=== Work instruction ===
Your output should be the lines from the one containing "Premier T12 SharpCut" through the end of the listing, exact and inclusive, with no pictures.

=== Records for the task ===
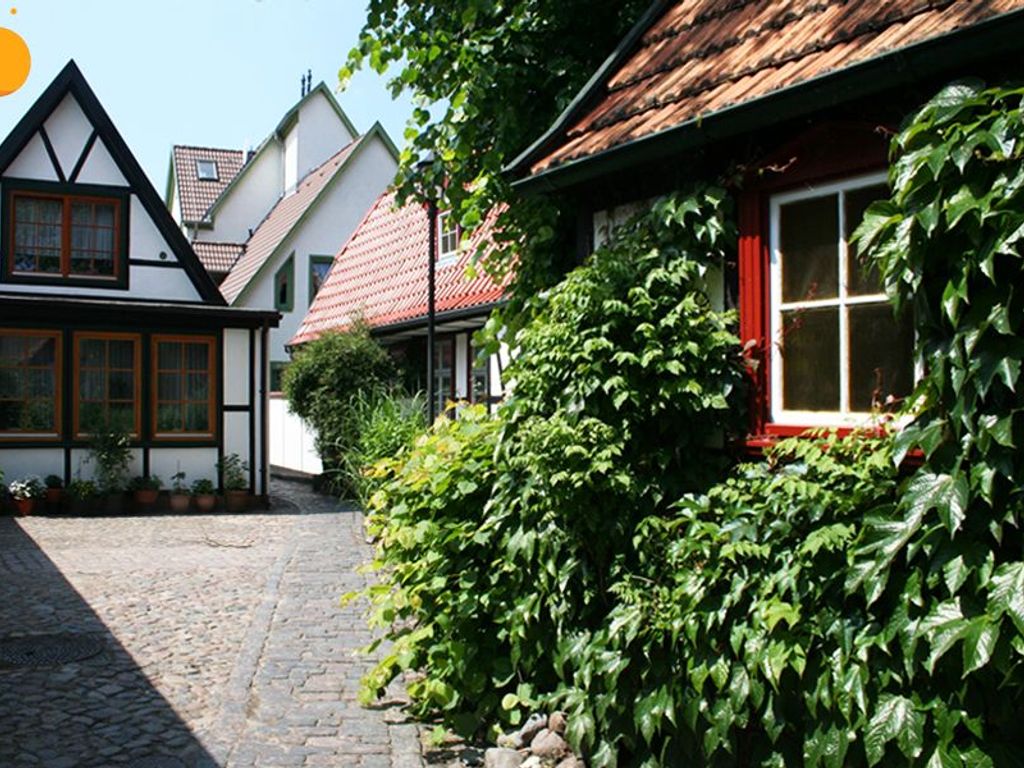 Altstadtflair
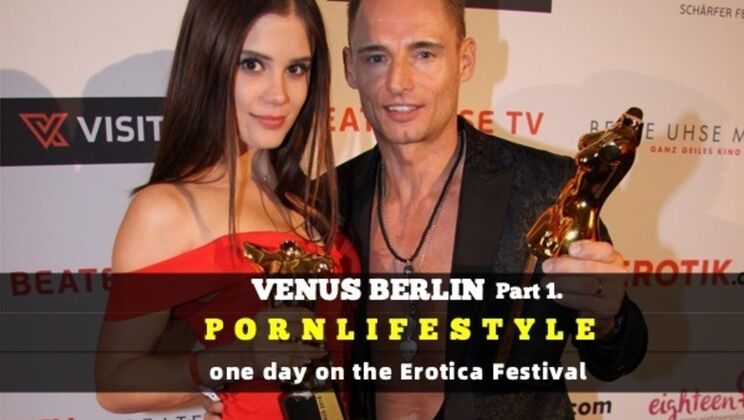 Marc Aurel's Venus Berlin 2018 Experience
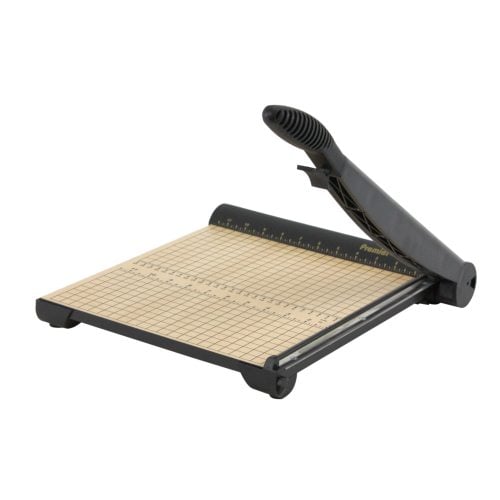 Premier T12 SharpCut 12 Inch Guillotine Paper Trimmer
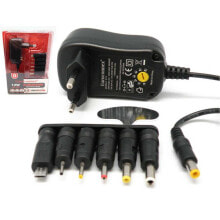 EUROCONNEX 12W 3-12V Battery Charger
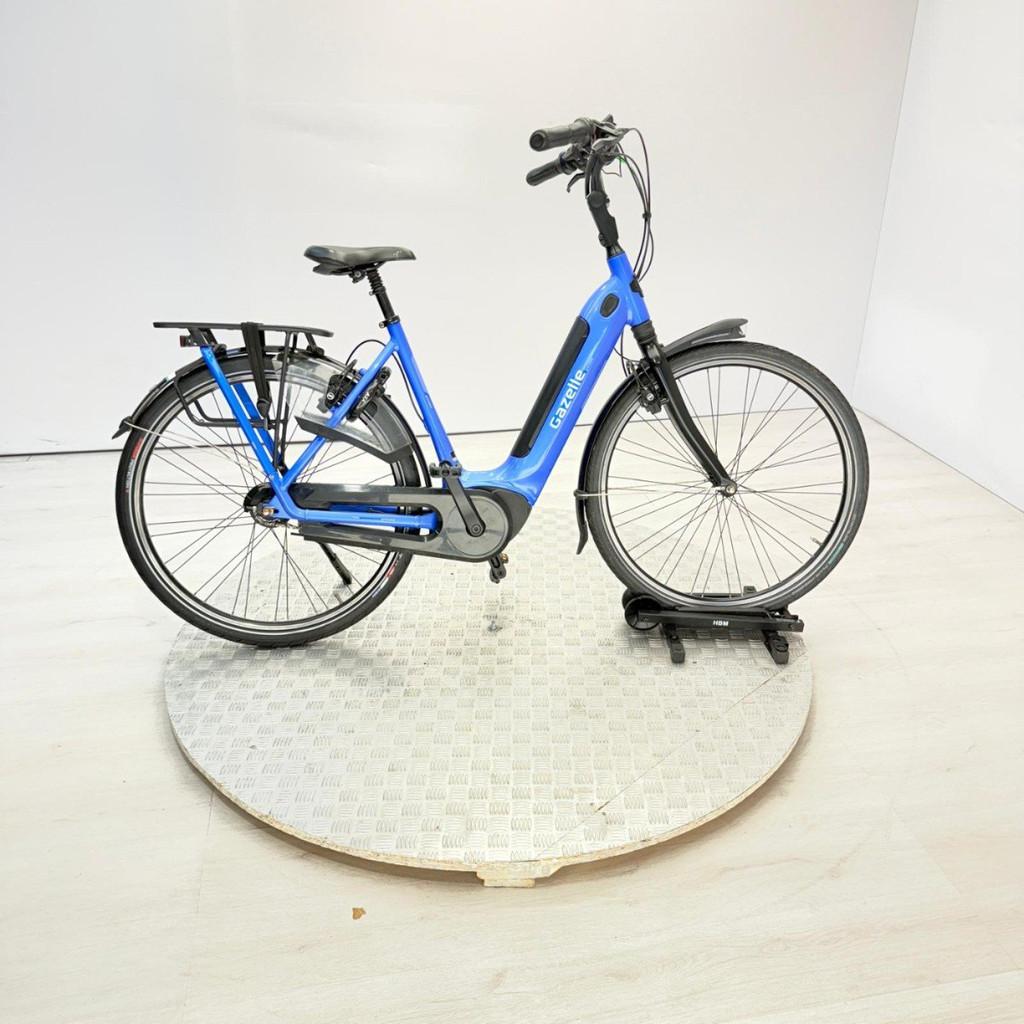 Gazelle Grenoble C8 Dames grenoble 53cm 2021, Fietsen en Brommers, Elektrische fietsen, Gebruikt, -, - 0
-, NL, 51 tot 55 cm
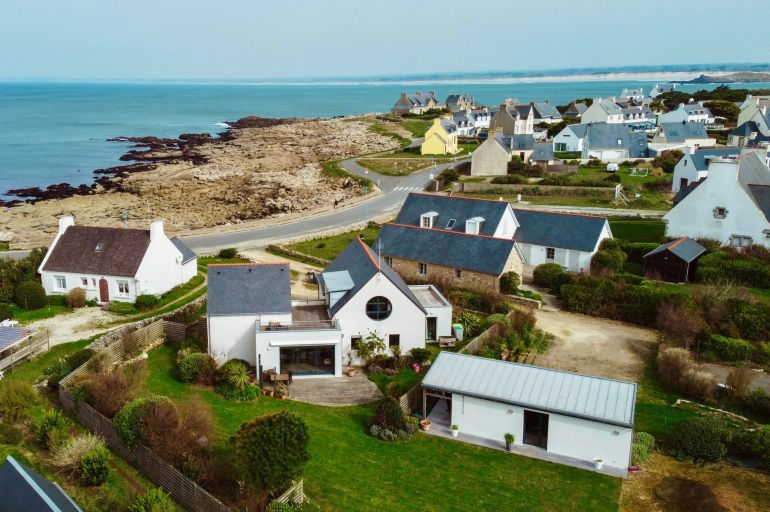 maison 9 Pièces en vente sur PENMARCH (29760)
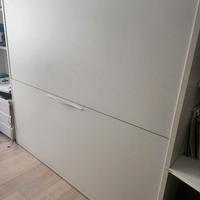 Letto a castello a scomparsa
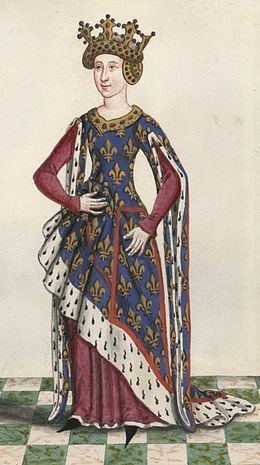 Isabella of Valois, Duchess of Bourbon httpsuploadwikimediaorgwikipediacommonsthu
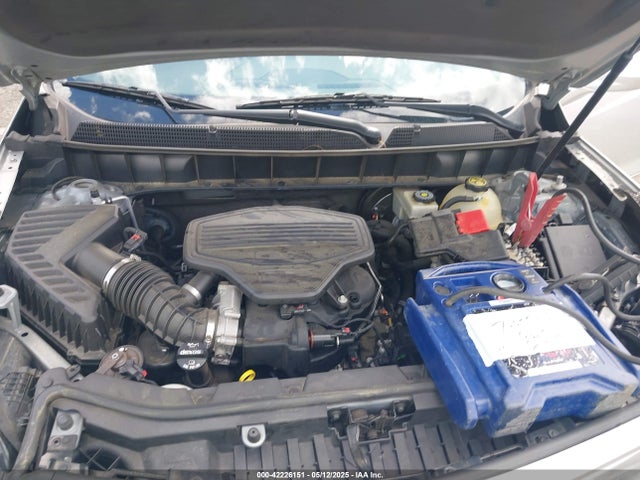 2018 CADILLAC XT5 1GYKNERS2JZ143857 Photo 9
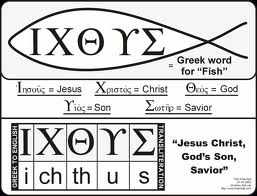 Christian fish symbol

=== Solution ===
 Premier T12 SharpCut 12 Inch Guillotine Paper Trimmer
 EUROCONNEX 12W 3-12V Battery Charger
 Gazelle Grenoble C8 Dames grenoble 53cm 2021, Fietsen en Brommers, Elektrische fietsen, Gebruikt, -, - 0
-, NL, 51 tot 55 cm
 maison 9 Pièces en vente sur PENMARCH (29760)
 Letto a castello a scomparsa
 Isabella of Valois, Duchess of Bourbon httpsuploadwikimediaorgwikipediacommonsthu
 2018 CADILLAC XT5 1GYKNERS2JZ143857 Photo 9
 Christian fish symbol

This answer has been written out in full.